Top of Data to process

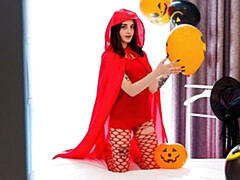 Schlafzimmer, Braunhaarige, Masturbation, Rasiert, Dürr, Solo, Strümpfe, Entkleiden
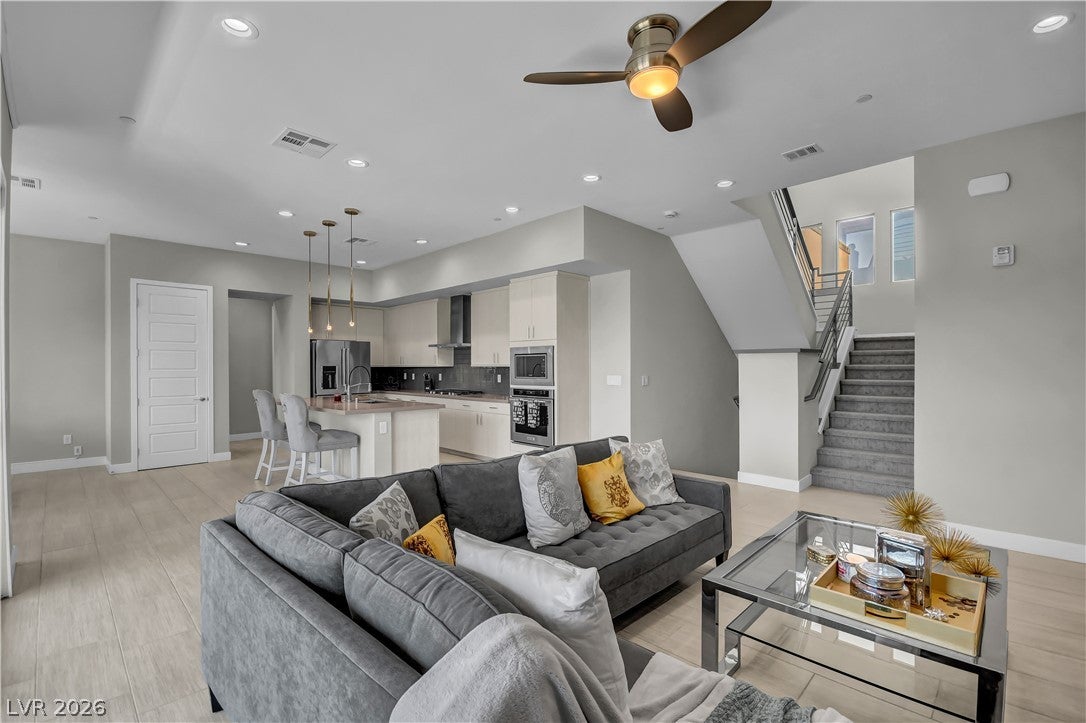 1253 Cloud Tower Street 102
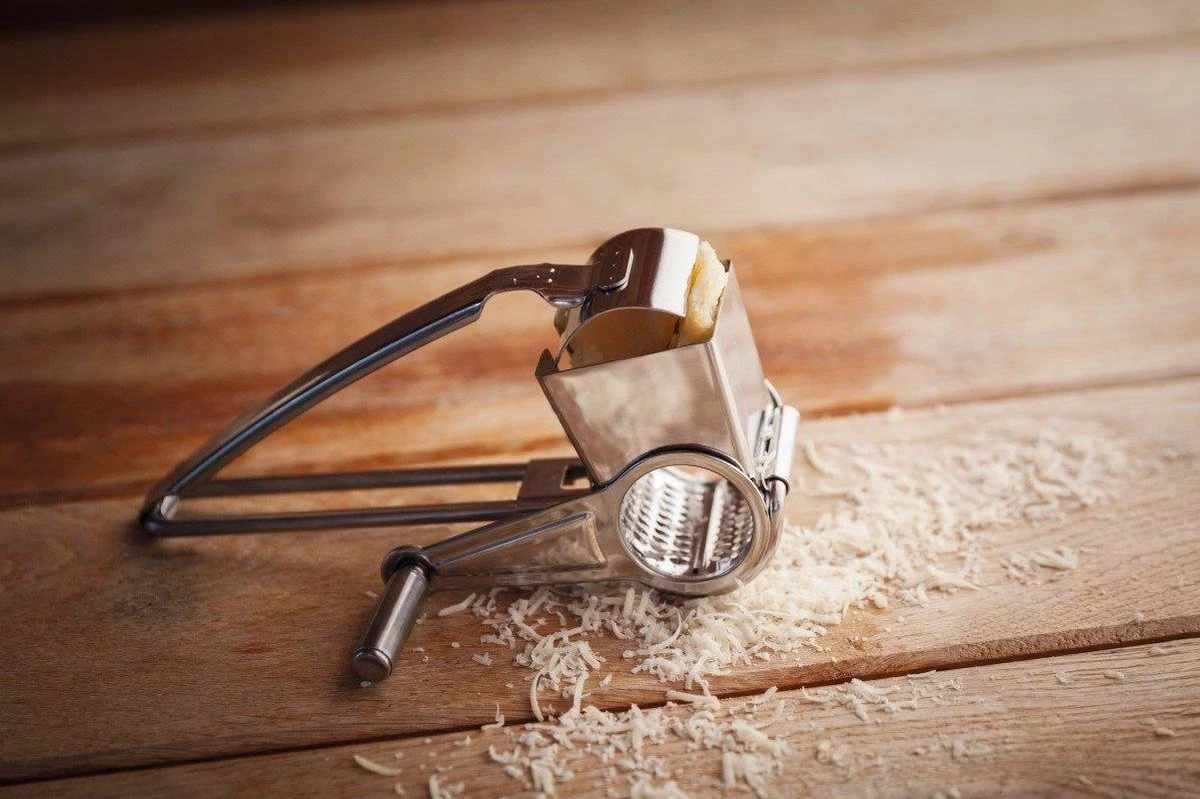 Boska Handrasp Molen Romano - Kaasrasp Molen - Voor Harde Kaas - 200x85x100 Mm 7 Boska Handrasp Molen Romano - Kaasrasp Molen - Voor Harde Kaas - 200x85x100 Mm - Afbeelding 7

Bottom of Data to process
Top of Data to process

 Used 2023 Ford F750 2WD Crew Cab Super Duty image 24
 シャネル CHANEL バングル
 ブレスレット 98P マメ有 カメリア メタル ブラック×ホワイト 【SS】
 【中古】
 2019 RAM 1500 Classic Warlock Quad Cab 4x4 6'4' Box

Bottom of Data to process
Top of Data to process

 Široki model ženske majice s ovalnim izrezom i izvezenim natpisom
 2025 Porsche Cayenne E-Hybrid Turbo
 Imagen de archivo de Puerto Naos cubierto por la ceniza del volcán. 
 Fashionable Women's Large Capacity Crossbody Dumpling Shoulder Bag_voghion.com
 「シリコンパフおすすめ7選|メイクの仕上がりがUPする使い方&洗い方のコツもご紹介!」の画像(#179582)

Bottom of Data to process

## [Exercise]
Respond with the exact lines above running from the one containing "Solo, Strümpfe, Entkleiden" to the one containing "- Afbeelding 7", both ends kept and no pictures included.

## [Response area]
 Schlafzimmer, Braunhaarige, Masturbation, Rasiert, Dürr, Solo, Strümpfe, Entkleiden
 1253 Cloud Tower Street 102
 Boska Handrasp Molen Romano - Kaasrasp Molen - Voor Harde Kaas - 200x85x100 Mm 7 Boska Handrasp Molen Romano - Kaasrasp Molen - Voor Harde Kaas - 200x85x100 Mm - Afbeelding 7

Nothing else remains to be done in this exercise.